When I wrote my first post, I stated that because I weed and work in so many yards, I have more than one garden. I mentioned a friend of many years, a ninety two year old whose driveway borderers, backyard flower beds, and deck pots I weeded and maintained. That gardener, dear Jo Douglas, passed on two weeks ago. I had not expected her to last the winter but frail though she was, Jo still lived in her own home, welcomed visitors, prepared her meals, read, did crossword puzzles and played regular bridge games. This spring, fearing that she had little time left, I had put extra work into her deck. She spent most of her time in the room where she could see the containers on it. I planted the flower box on the deck railing that she could see best with pansies, hyacinths, primroses and strawberries early in March. I made sure there was a pot overflowing with large leaf basil and parsley just out her deck door. I put Early Girl in her tomato pot and added orange andyellow marigolds to it I made sure the Missouri sunflower, the yellow oenothera was planted so she could see it as she dressed. It was her fathers favorite flower. Each spring multiple bulbs boomed profusely along her drive and afterwards I planted the impatiens, and petunias she asked for. I added others of my choice and this year, I chose annual phlox and crystal palace lobelia. Jo had always taken pride in having the best blooming displays in her neighborhood and I made sure this was especially true this summer. I thought this would enough to keep her with us all season. Sadly she died two days before the first tomato ripened. It has been a cooler summer in southern Idaho than usual . Another year she would have had a tomato from that pot before she died.

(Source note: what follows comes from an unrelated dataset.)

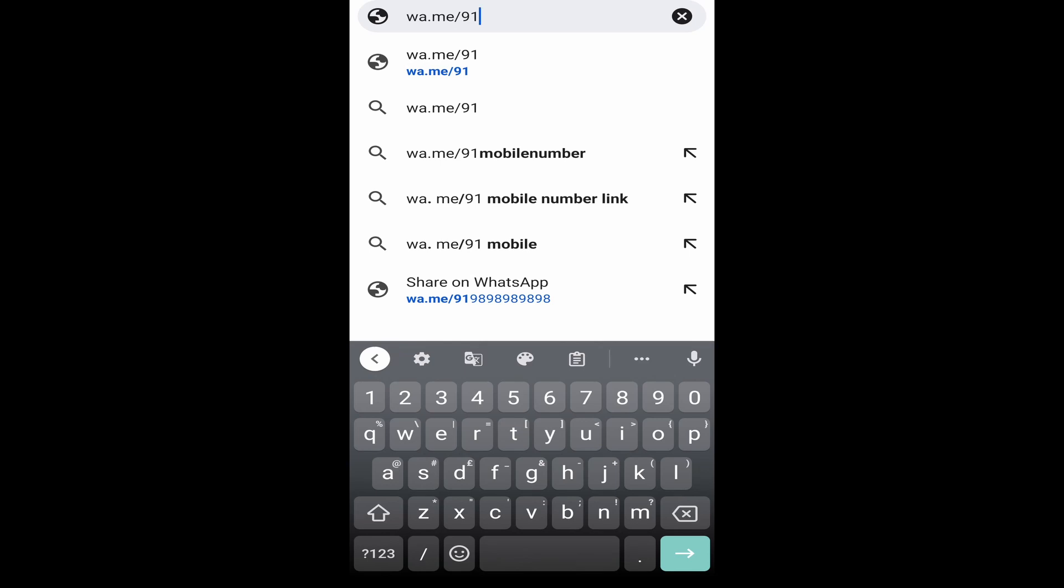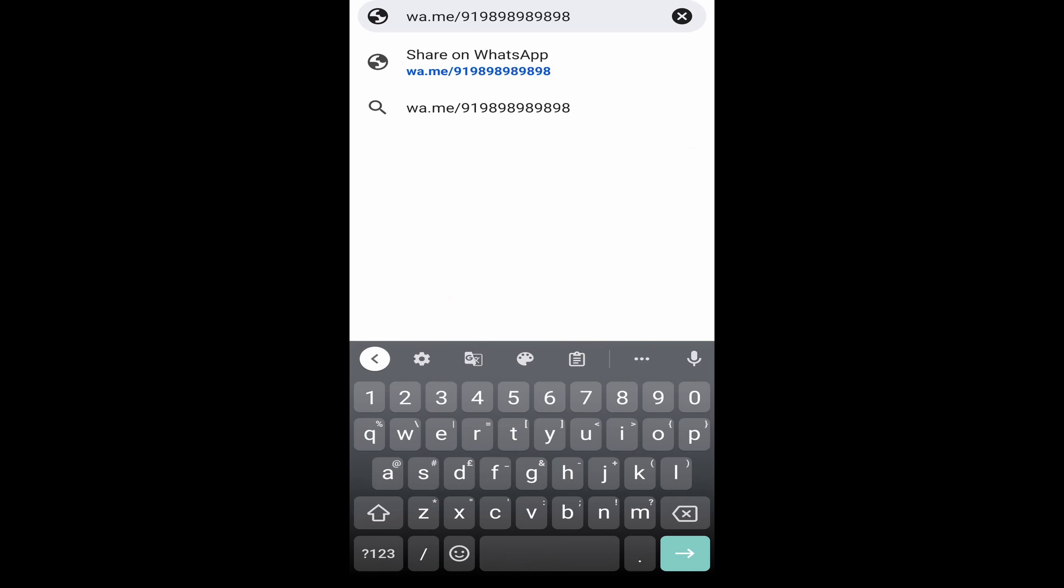And after this, you've just got to type in the mobile number. So right now, I'm just putting a random number. After that, you've just got to click on search.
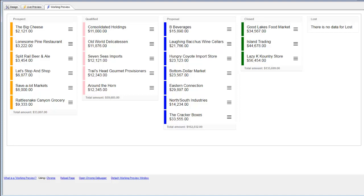We're continuing our videos on setting up a list with a Kanban layout. In this video, we're going to show how we can persist the data in the Kanban list to a SQL database. Up until now, we've just been using static data. We're going to convert this list from static data to a SQL database, and then show how we can persist the edits after the user moves a row in the Kanban list.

I cannot have everything I want. I cannot be sure that everything I plant will grow as I want it. For instance I wish I had not put wave petunias along Jo's drive. There is just not quite enough sun for them to bloom as profusely as I wanted them. The single petunias, the the"daddy" strain on the other side of the drive, always bloomed better. Jo was happy with my planting but that happiness did give her any extra time with us. I need to be keep humble. I know that any of you reading this and others I will never know have gardeners you love and miss as much as I miss Jo. I wish I had been a perfect gardener,not just a good gardener for Jo.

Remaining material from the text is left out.